Monday, February 17, 2014

Side Notes #1

Side notes, ya know, those things you don't think of until after you have already made your post or find out later and don't feel like editing to add. That is what this is and I am likely to have many of them so I have decided to number them.

This one in particular is about the mustard experiment. What I had intended to start that post off with was by sharing my deep and profound respect for professions in period who hand ground things. I tried to grind mustard seeds with a mortar and pestle and wow! I have neither the strength nor the callouses needed to be as effective as I need to be. My hat is off to them, or it would be if I wore a hat. With this in mind I was talking to my husband about it and he offered an Idea i had not thought about until then, they likely "milled" their spices. I know a simple thought but for some reason it just did not occur to me to be a logical one. They had small mills at home, hand held ones for grinding small amount of flour, why would they not have used them for spices or other things of a dry nature that they wanted "powdered".  I began to think about Scappi and his reference to fennel flour and the hard time I had  trying to grind dry fennel by hand. Why wouldn't a mill have been used, one of the hand size ones would be easy to use as well as easy to clean. It seems like such a simple solution.

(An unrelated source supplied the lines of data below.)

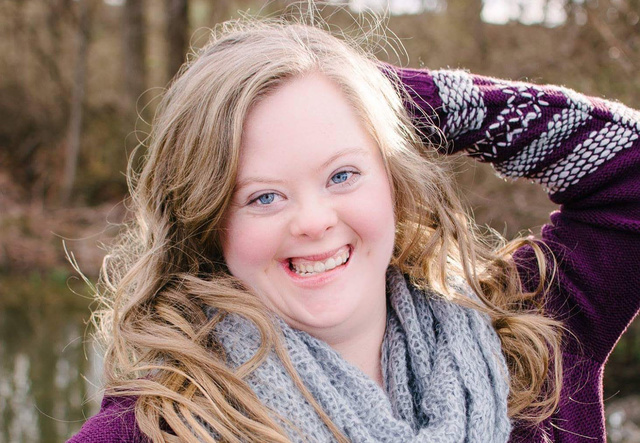 Morgan poses with her hand on her head and a big smile wearing a gray knit scarf and a purple cardigan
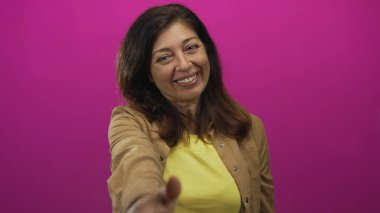 Sarı gömlekli kadın pembe stüdyoda kameraya doğru elini uzatıyor; güven bağlantısını selamlıyor.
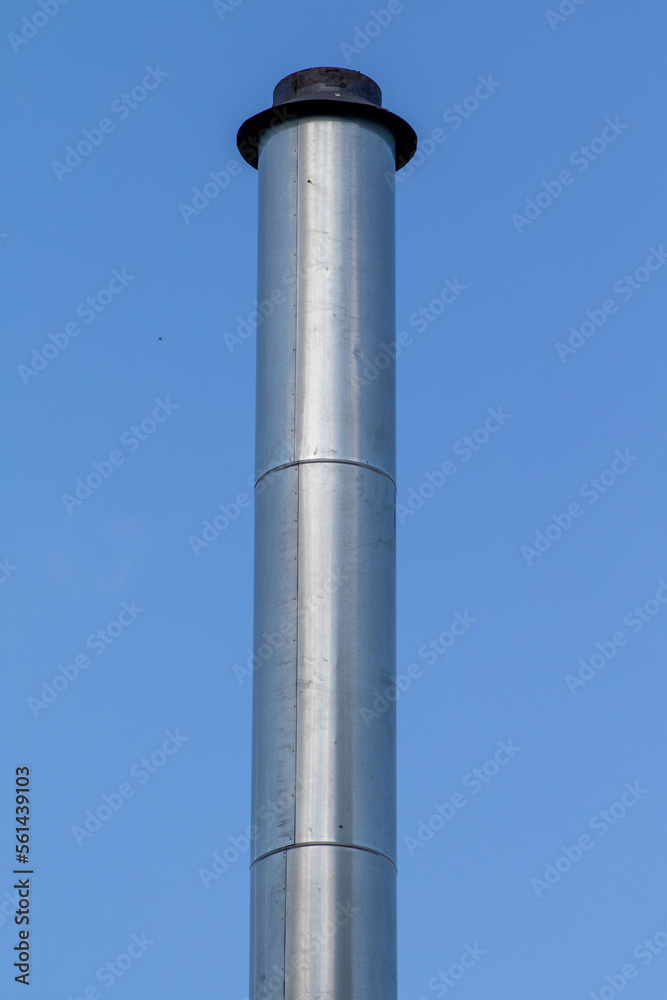 Metal pipes on the roof against the sky. Metal pipes on the roof against the sky.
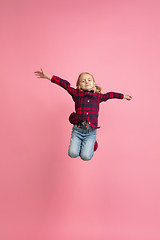 Image showing Caucasian little girl\'s portrait on pink studio background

Now do I have any proof, no, or maybe I should say not yet. While I am not going to run right out and hunt  I will now have an ear open to the information if I happen to stumble across it.

1 comment:

  1. Mustard was certainly milled, in industrial quantities sometimes. I've visited a still-working mustard mill at Zaanse Schaans in the Netherlands. This particular mill isn't period, but I believe mustard mills as a phenomenon were.